▸ Exercise requirements
The answer must be an exact copy of the lines from the top of the listing below through the line with "Foto do mini", with no pictures.

▸ Entries shown
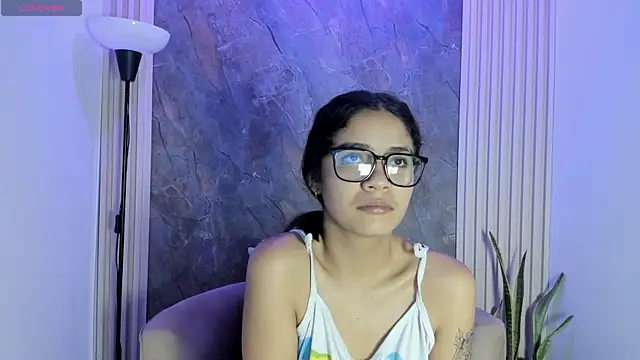 Snapshot of alina_sauvage chatting on May 30, 2026, 11:27 am alina sauvage online show from May 30, 2026, 11:27 am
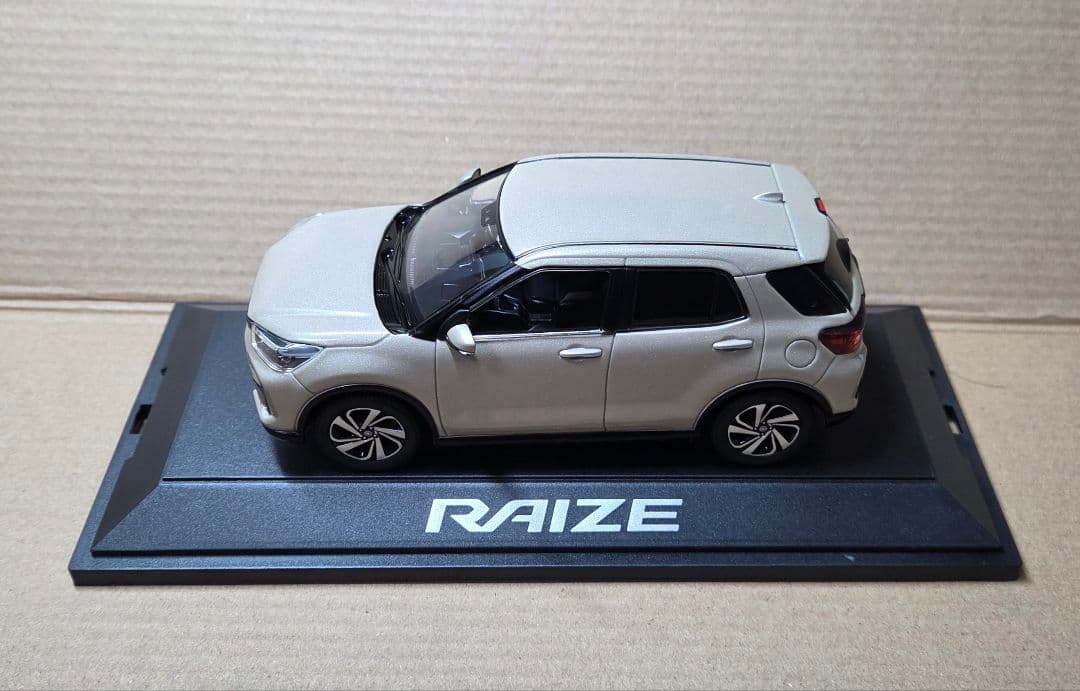 トヨタ ライズ カラーサンプル ナチュラルベージュマイカ メタリック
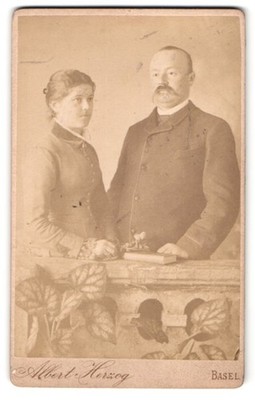 Fotografie Albert Herzog, Basel, Vater mit Tochter im Biedermeierkleid steht an 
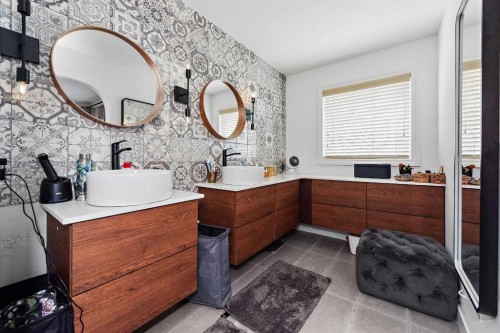 66 Royal Highland Road Nw, Calgary, AB - Indoor Photo Showing Bathroom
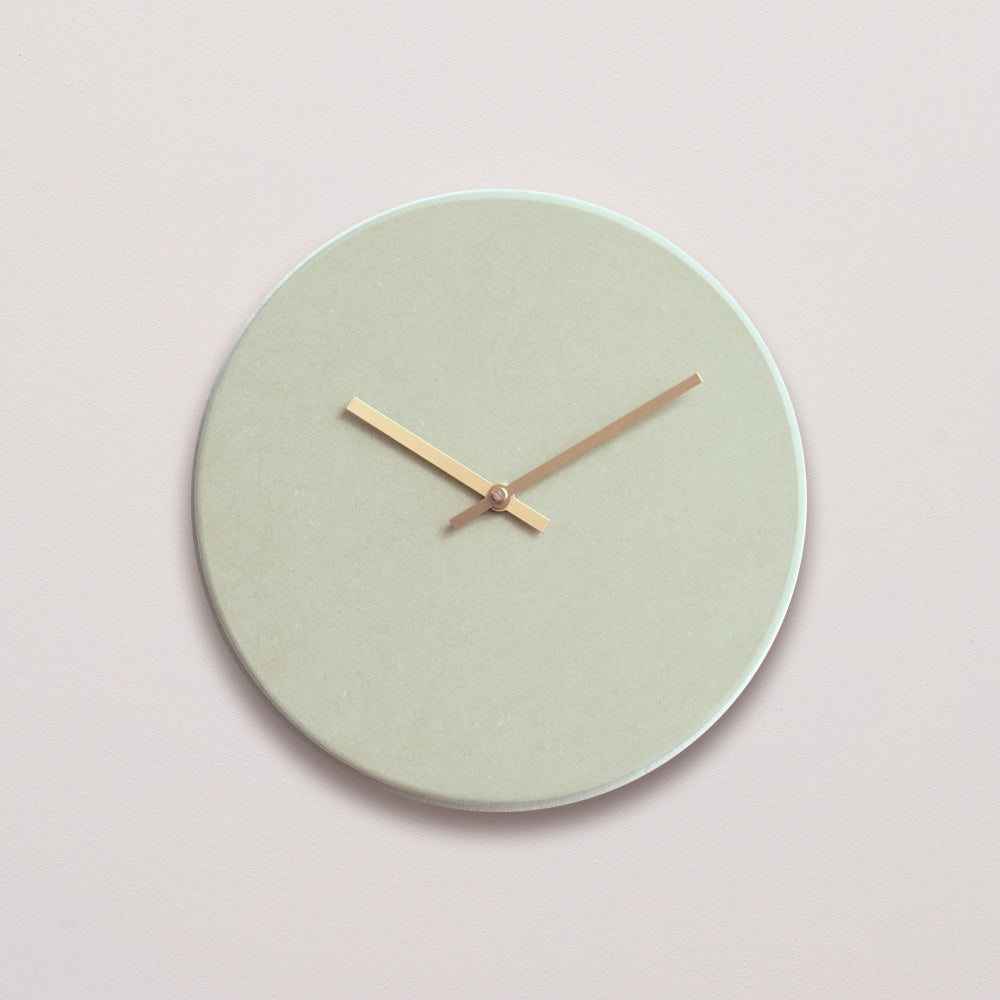 Vægur i mintgrøn med kobber viser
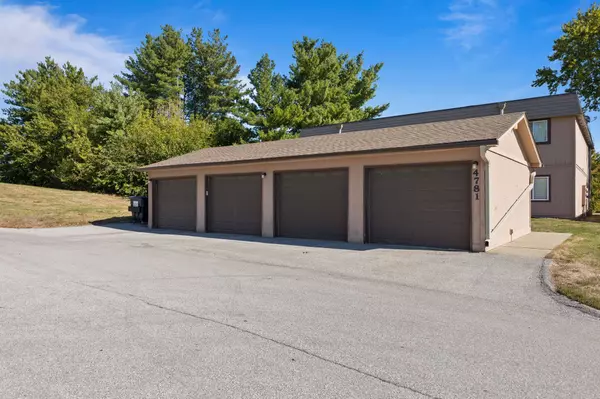 4781 Woodland Avenue #2, West Des Moines, IA 50266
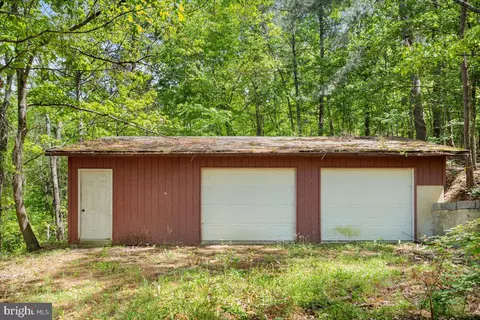 Exterior - 513 Straton, Basye, VA 22810 photo 6 of 11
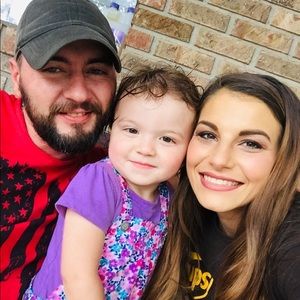 Meet your Posher, Whitney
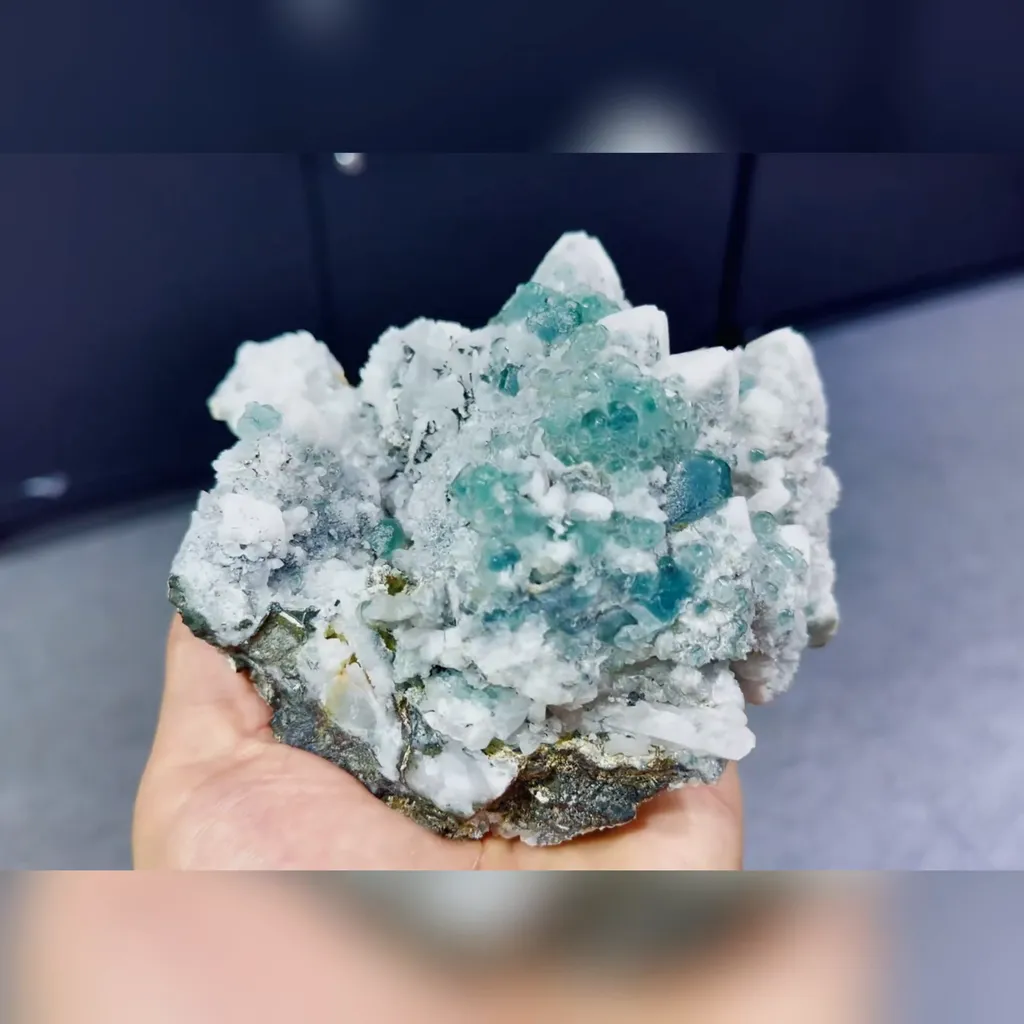 Natural Green Fluorite and Quartz Clusters Symbiosis comes from Inner Mongolia,China 140*105*80MM image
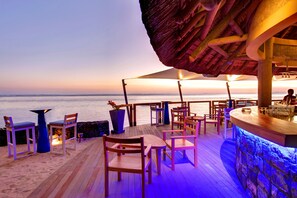 2 bars/lounges, 2 poolside bars, beach bar - Heritage Awali Golf & Spa Resort – All Inclusive (Bel Ombre)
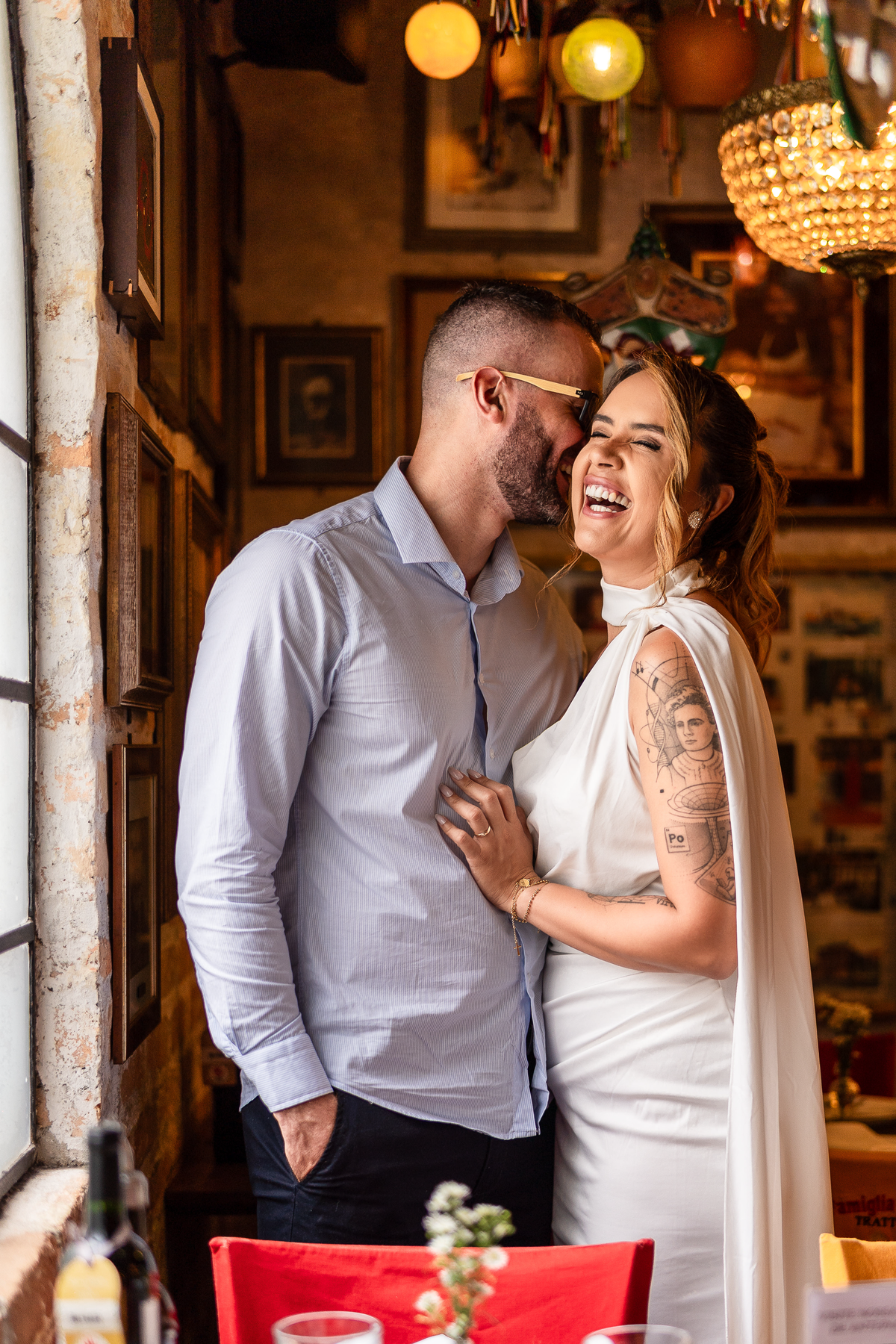 Foto do mini wedding onde mostra uma gargalhada da noiva. Foto totalmente dirigida e conduzida pelo fotógrafo. 
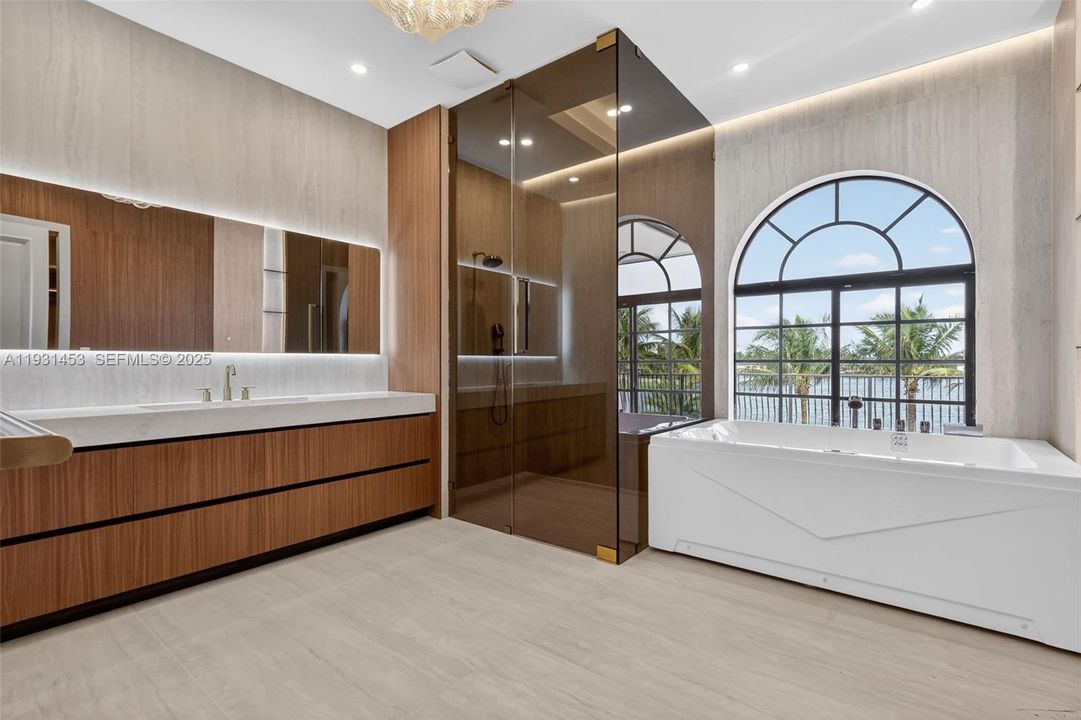 На продажу: $6,950,000 (6 спален, 7 ванн, 9234 Квадратных фут)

▸ Expected output
 Snapshot of alina_sauvage chatting on May 30, 2026, 11:27 am alina sauvage online show from May 30, 2026, 11:27 am
 トヨタ ライズ カラーサンプル ナチュラルベージュマイカ メタリック
 Fotografie Albert Herzog, Basel, Vater mit Tochter im Biedermeierkleid steht an 
 66 Royal Highland Road Nw, Calgary, AB - Indoor Photo Showing Bathroom
 Vægur i mintgrøn med kobber viser
 4781 Woodland Avenue #2, West Des Moines, IA 50266
 Exterior - 513 Straton, Basye, VA 22810 photo 6 of 11
 Meet your Posher, Whitney
 Natural Green Fluorite and Quartz Clusters Symbiosis comes from Inner Mongolia,China 140*105*80MM image
 2 bars/lounges, 2 poolside bars, beach bar - Heritage Awali Golf & Spa Resort – All Inclusive (Bel Ombre)
 Foto do mini wedding onde mostra uma gargalhada da noiva. Foto totalmente dirigida e conduzida pelo fotógrafo. 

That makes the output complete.